Ecommerce player Snapdeal has invested $20 million in logistics firm GoJavas to further enhance its supply chain and logistics. GoJavas will use the funds to add 100 more cities to its repertoire in the next 6-12 months. Snapdeal had picked up a minority stake in the company for an undisclosed amount in March this year.
According to Snapdeal, GoJavas has been one of its ‘best performing’ last mile logistics partners, reducing Snapdeal’s delivery time by 24 hours in the last 6 months. Snapdeal says that it has invested $100 million in the last 6 months to improve delivery timelines by 70%, while looking to invest another $200 million in the next 12 months to strengthen its supply chain.
GoJavas currently claims to have a revenue run rate of Rs 500 crore, and added support for new products like a 90 minutes reverse pickup and open box delivery of electronic products, through the partnership. The partnership let GoJavas deliver to 150 more cities within 3 months, and currently services 350 cities. In June, GoJavas started offering delivery services to local businesses such as groceries, pharmacists, and supermarkets among others, piloting in 15 cities across India.
GoJavas began as Rocket Internet-backed online fashion store Jabong’s third-party logistics service called JaVAS (Jabong Value Added Services) in December 2012. However, it was later sold to Gurgaon-based QuickDel Logistics in February last year and rebranded to Gojavas. Jabong is currently listed as a client of Gojavas, along with Paytm, HealthKart, Hindustan Unilever, LensKart, YepMe, Juvalia&You, Avon, Forever21 and Provogue. It states that 400 companies use its service in over 3,000 pincodes and it delivers 180,000 packages every day.

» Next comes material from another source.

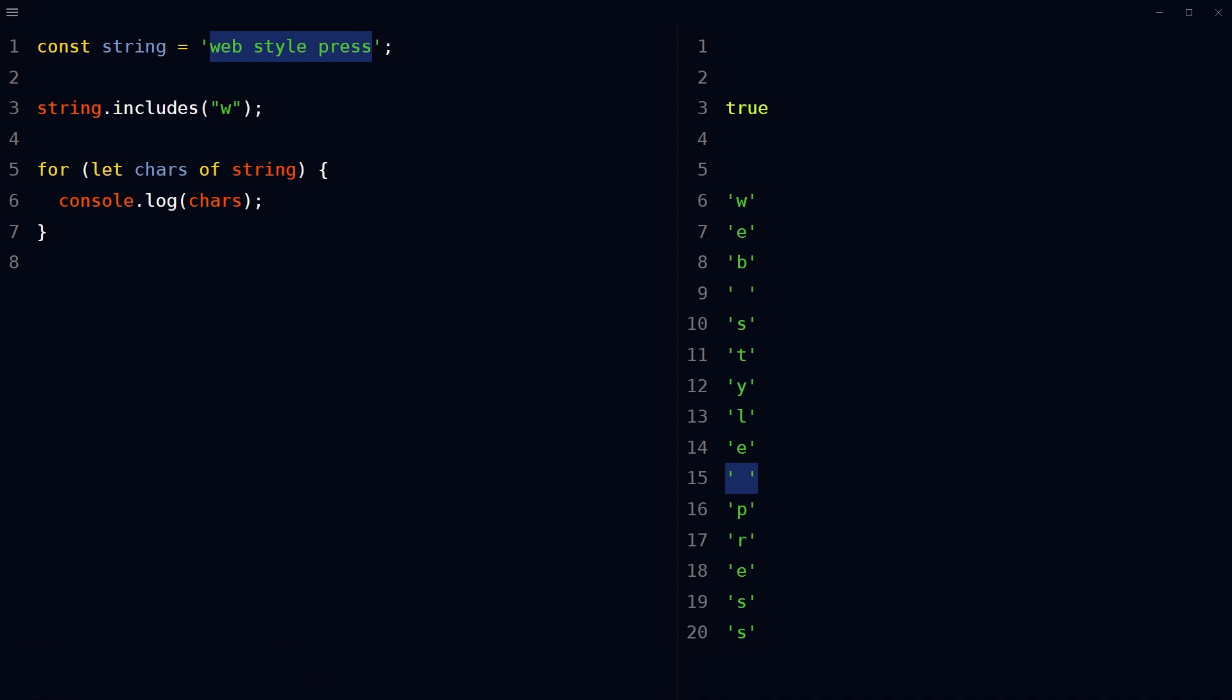Okay, vowels are the characters A, E, I, O, and U. To count number of vowel characters from a string, first let's declare a function.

In May last year, Snapdeal stated that it had opened over 40 fulfillment centers across 15 cities that would take care of warehousing, logistics and liaison with courier companies. Following this, it had extended its same day delivery service ‘Snapdeal Plus’ to sellers in 15 cities across India. Snapdeal had launched a fulfillment service for sellers called SafeShip listing their products on its platform in June 2013.
– In September last year, e-commerce logistics services provider Delhivery raised $35 million in Series C round of funding led by Multiples Alternate Asset Management, with participation from existing investors Times Internet and Nexus Venture Partners. Times Internet had bought a minority stake in the company for an undisclosed amount in June 2012.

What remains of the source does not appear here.